Well, I broke that last rule this year for the first time since 2012 (when I saw Holy Motors twice at the Fest). The Night Comes For Us is so good, it's tough to even know where to begin when discussing it. A movie crafted in the classic "Heroic Bloodshed" mode that came to dominate the filmographies of such action greats as John Woo and Johnnie To, director Timo Tjahjanto adds a Silat-fueled penchant for bodily destruction that would make his cohort Gareth Evans wince.

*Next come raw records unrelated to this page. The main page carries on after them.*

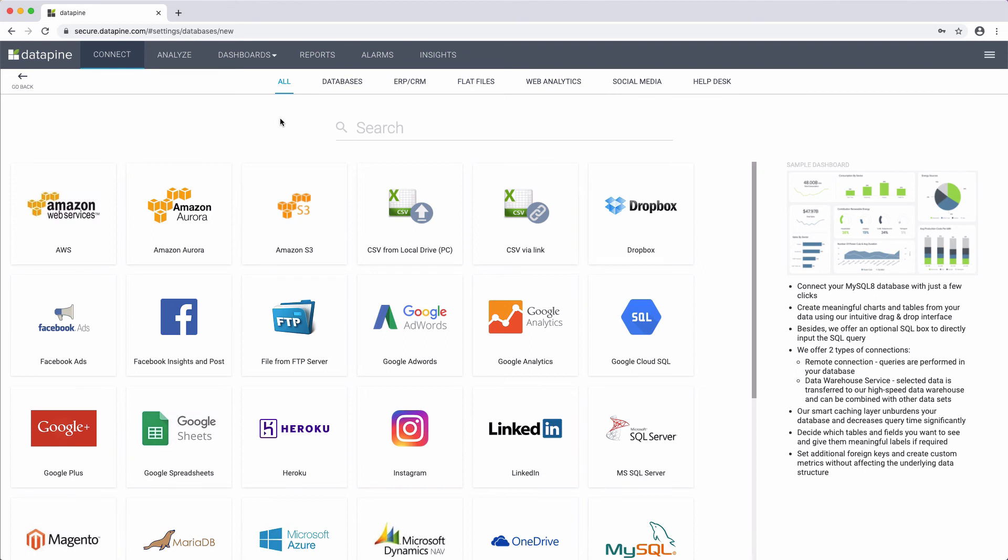As a note, especially for API connectors, Datapine does offer the option to build customized connectors. So, in case you use a third-party not listed, please feel free to reach out to discuss custom connector development.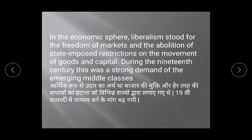Economically, liberalism advocated for freedom of markets and the abolition of state-imposed restrictions on the movement of goods and capital. Arthik roop se, udaarvaad do paadon par zor deta tha: 1. Freedom of market; 2. Abolition of state-imposed restrictions — bajar ki swatantrata aur vibhinn rajyon dwara lagaye gaye tarh-tarh ke bandhanon ko hatana.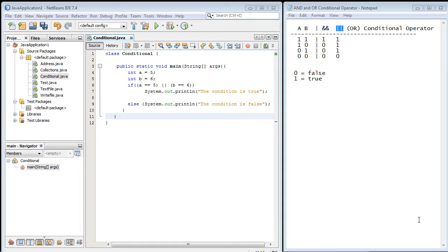In this video we're going to continue on with conditional operators and we're going to look at the AND conditional operator in this video.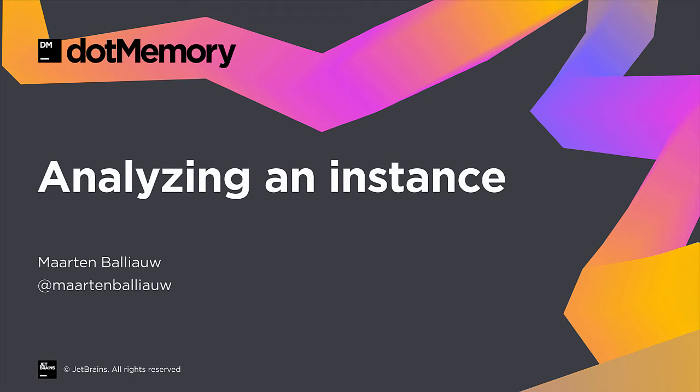We've already seen how we can slice and dice an object set using .memory. While there's a lot to learn from object sets, more information about our application's memory usage can be obtained from individual object instances.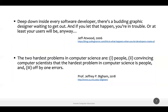Another quote, from Carnegie Mellon professor Jeffrey Bygum, says: 'The two hardest problems in computer science are: one, people; two, convincing computer scientists that the hardest problem in computer science is people; and three, off-by-one errors.' This perfectly illustrates the developer attitude we need to overcome.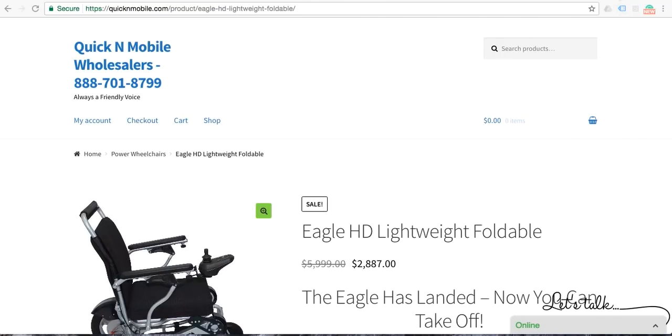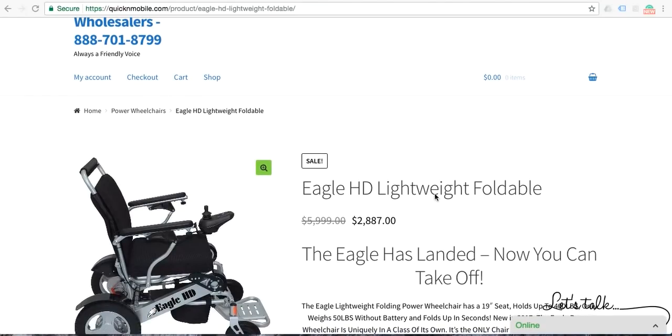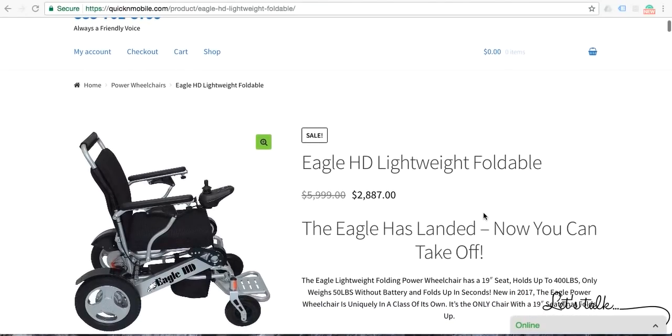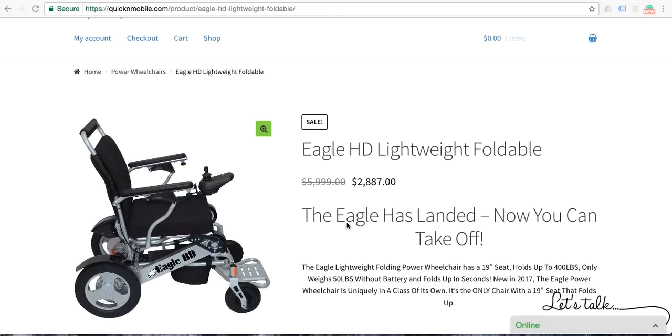In this review, we are going to be going over our brand new power folding wheelchair, the Eagle. The Eagle has been designed fresh for 2017 with various features that we will go over in this particular review. The title: The Eagle Has Landed, Now You Can Take Off.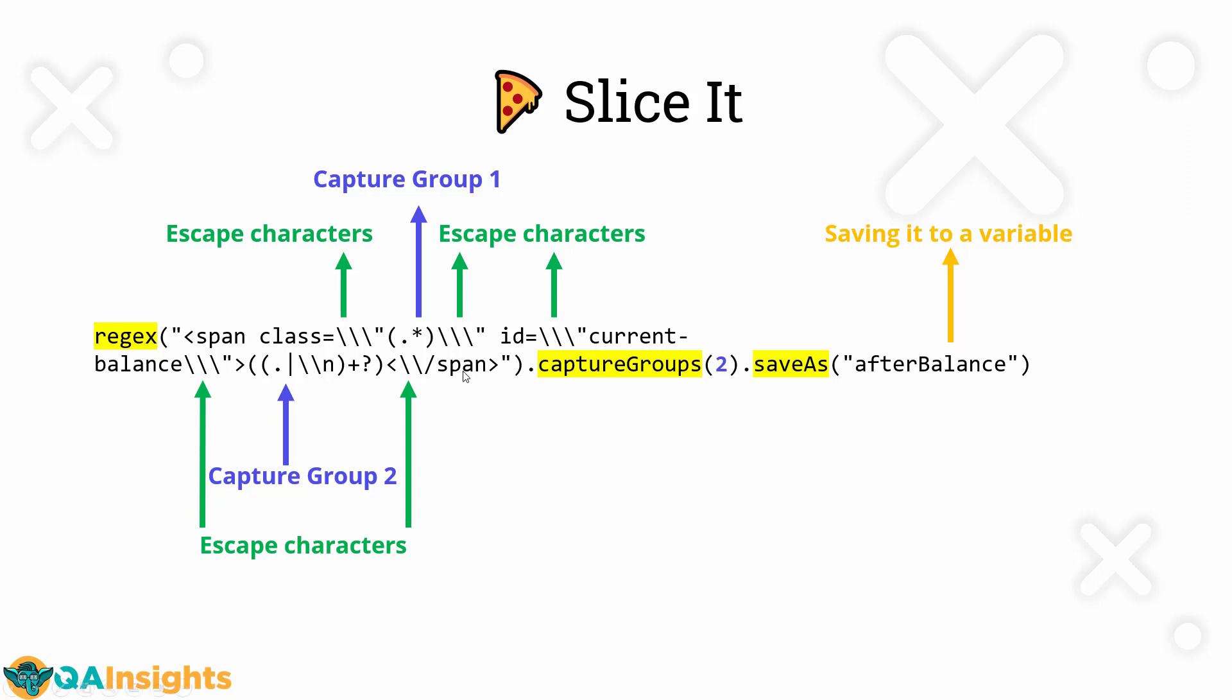And then we have something called capture group here. The capture group will be surrounded by open and close parentheses. This is where you have to write your regex pattern. Whatever is inside the parentheses, it will be captured. Here if you see, there are two capture groups. This is the capture group one. And here this is the capture group two.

In short, The Night Comes For Us is a total "hold my beer" piece of filmmaking, as Timo teams with Raid stars Iko Uwais (who also handled the fight choreography) and Joe Taslim to deliver one of the great action movies. Not of the Fest. Not of 2018. But of all time. The Night Comes For Us is two hours of wall-to-wall carnage, with Tjahjanto proving that he understands the intrinsic thrilling beauty of screen violence just like those aforementioned genre forefathers, even as he coats the entire screen with plasma. As Evan said in his review:
"Yes, like The Raid it is a tough action film from Indonesia with a simple plot that unfolds over a very short amount of time. Yes, it offers a few familiar faces. But underneath all that, its gnarly, mischievous soul has more in common with Peter Jackson’s Dead Alive, a film that exists solely to pelt you with relentless inventive gore and escalation. I’ve always considered The Raid a serious action film. The Night Comes for Us is way more like a (super, super great) splatter cartoon."
Now, the Netflix Original has a date when you can all check it out, too: October 19th. That means in three short weeks, everyone can get down with a movie that's straight up destined to be considered a classic in years to come. Netflix has gotten into the Timo Tjahjanto business, and brother and sisters, that business is fucking good.